The sums involved can be material. With WIP being the biggest element in the Net Asset Value these valuations can make a major impact on the value actually achieved for the sale of the business. It is however a truism that the value of Work in Progress is only ever an estimate of the true value which is only really established at the point where the matter is billed and collected.
This is where the payment terms of the merger transaction become important. In theory it may be in the seller’s best interest to wait until matters are completed and collect their value at that point. Fine in theory but most sellers do not want to wait, they want their money upfront and do not want to rely on the buyer to compute and remit the realised value. If that’s the case and much of the consideration is paid upfront it is worth spending the time to establish detailed valuation formats and rules specify how the work in progress is to be valued (possibly by work type) for the purposes of the merger.
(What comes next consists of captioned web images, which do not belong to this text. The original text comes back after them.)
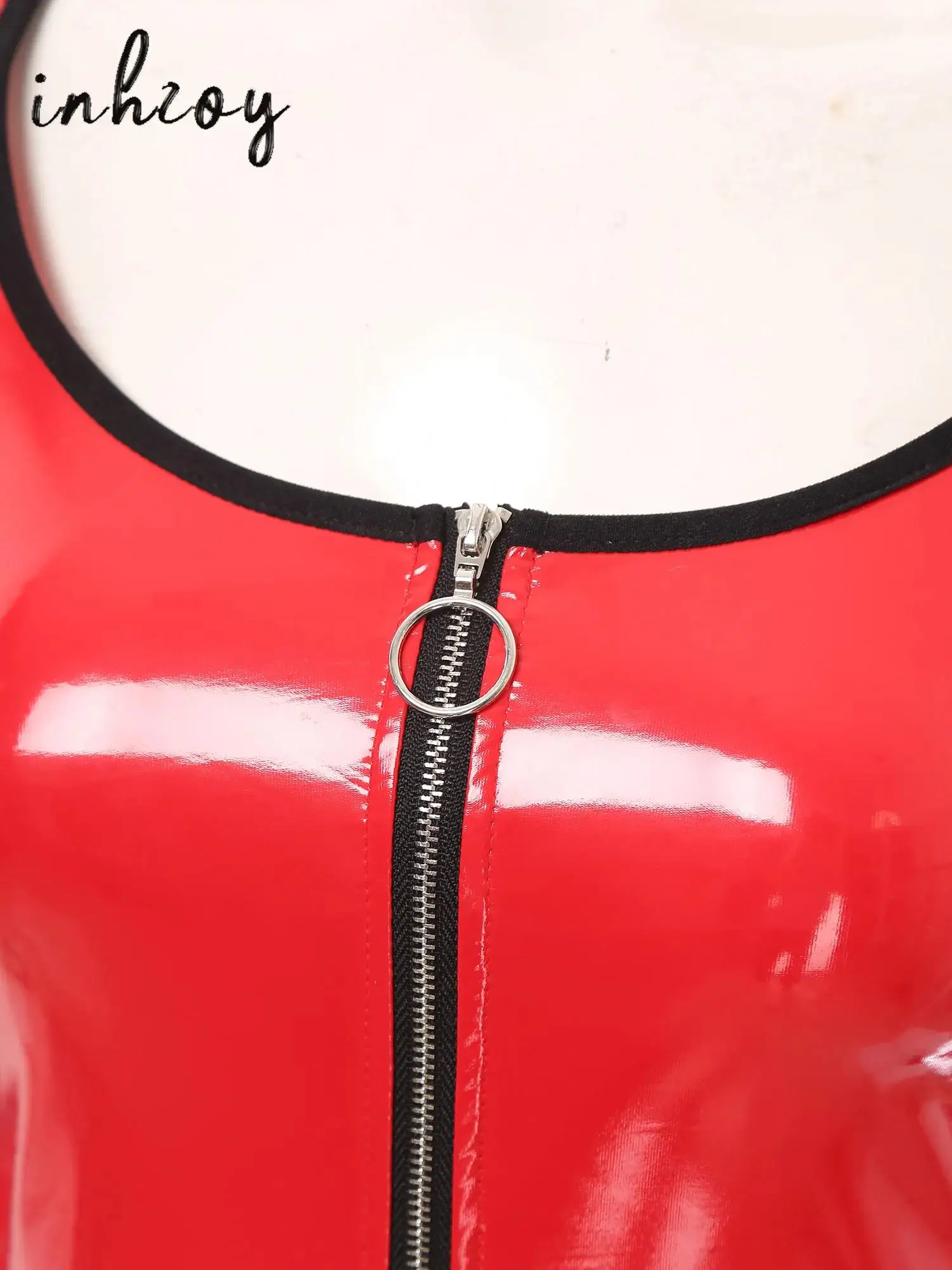 Women Wet Look Patent Leather Dress Sexy Lingeries Glossy Metallic Mock Neck Long Sleeve Cut Out Dress Bodysuit Pole Dance Dress
Women Wet Look Patent Leather Dress Sexy Lingeries Glossy Metallic Mock Neck Long Sleeve Cut Out Dress Bodysuit Pole Dance Dress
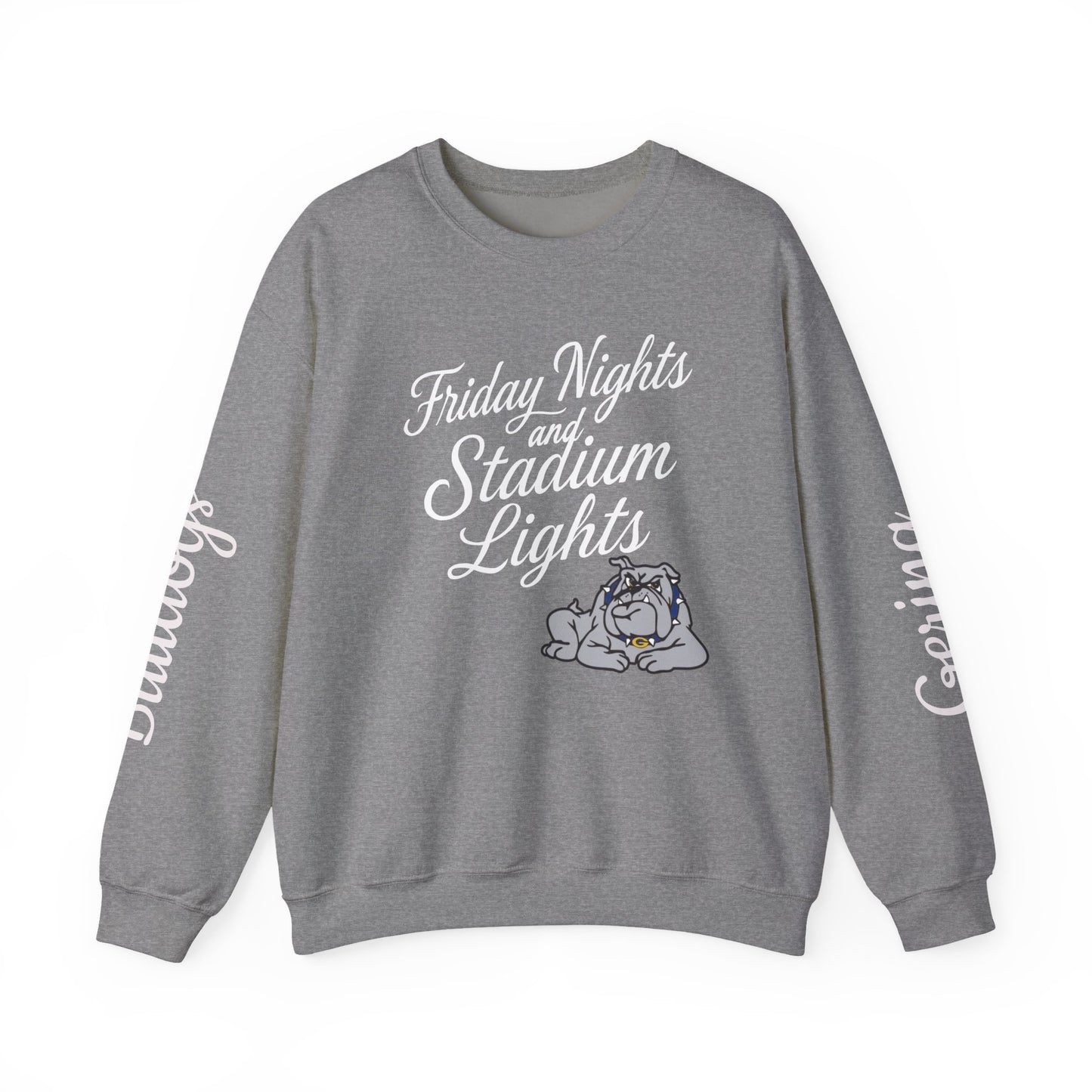 Heather gray crewneck sweatshirt with “Friday Nights and Stadium Lights” graphic and bulldog emblem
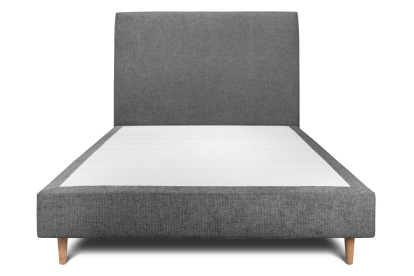 Lit 140x200 cm - Sommier tapissier H35 cm + tête de lit tapissée - Tissu Toile natté Gris Anthracite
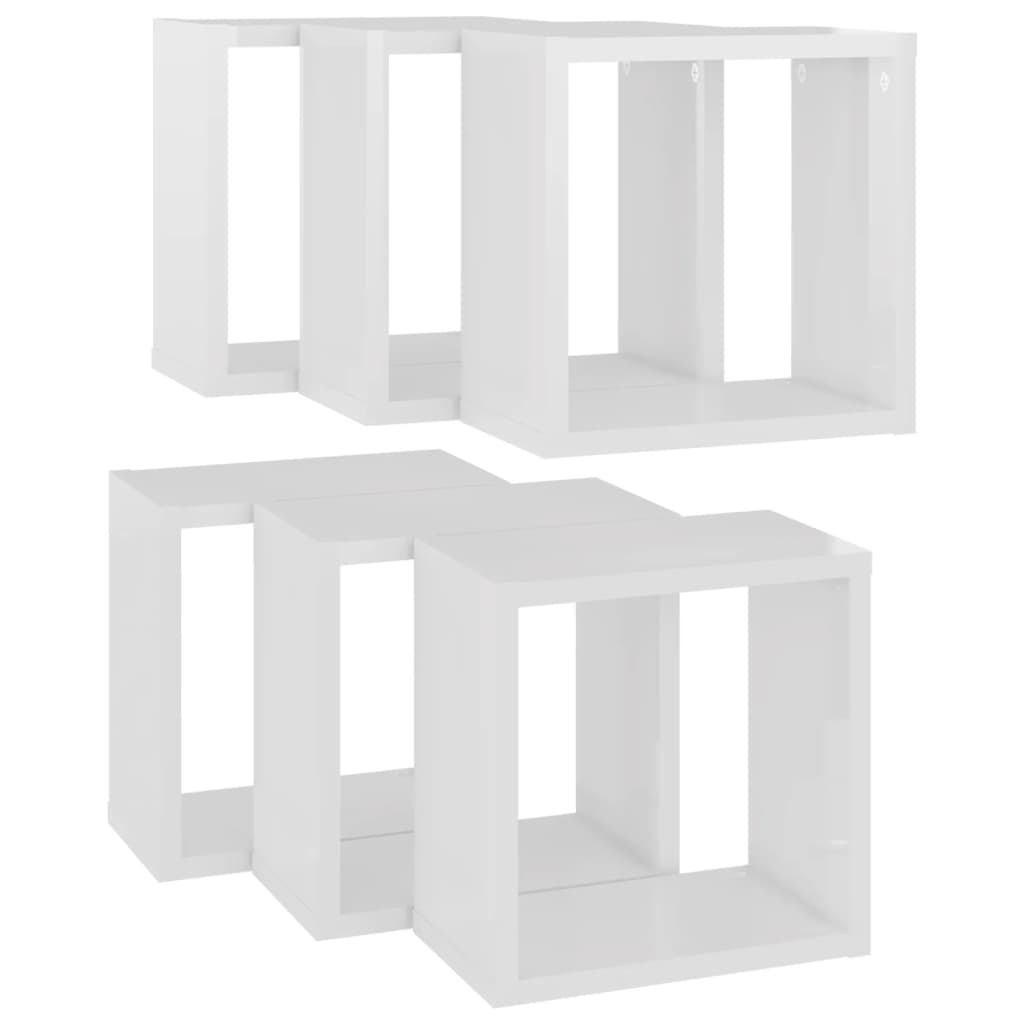 Wall Cube Shelves Set of 6 - High Gloss White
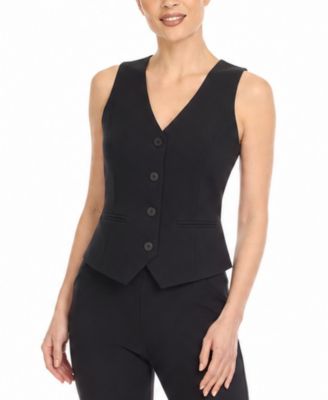 White Mark Women's Tailored Button-Front Vest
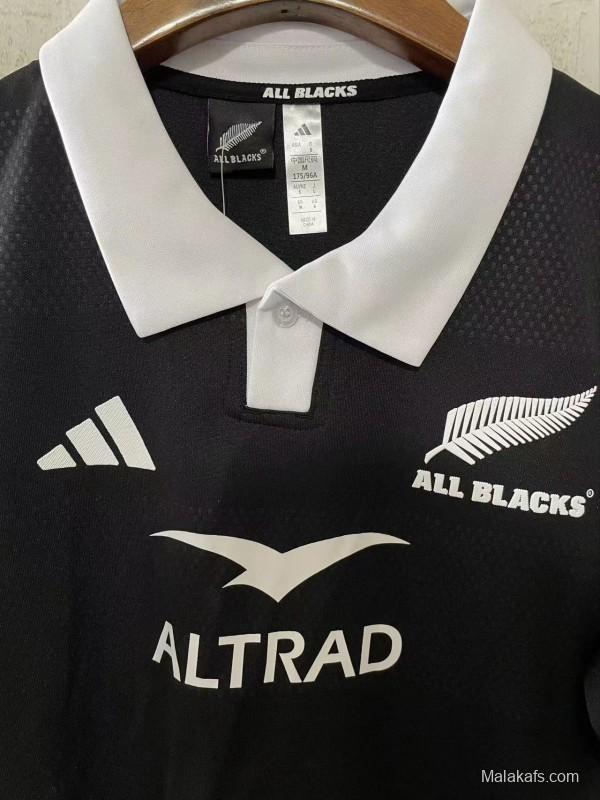 2026 New Zealand All Blacks Black with White Collar Jersey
All of this can take time and effort at a point where time is scarce to avoid creating accidental winners and losers in an acquisition. In the case of the true merger the issue is doubly important as both parties would need to be clear about the value of the assets that they are bringing to the combined enterprise. Double the possibility for error
It can be tempting to treat the WIP valuation is a technical side issue but it can be costly to do so. There is value in taking the time to take all the relevant factors into account professional advice can pay for itself several times over.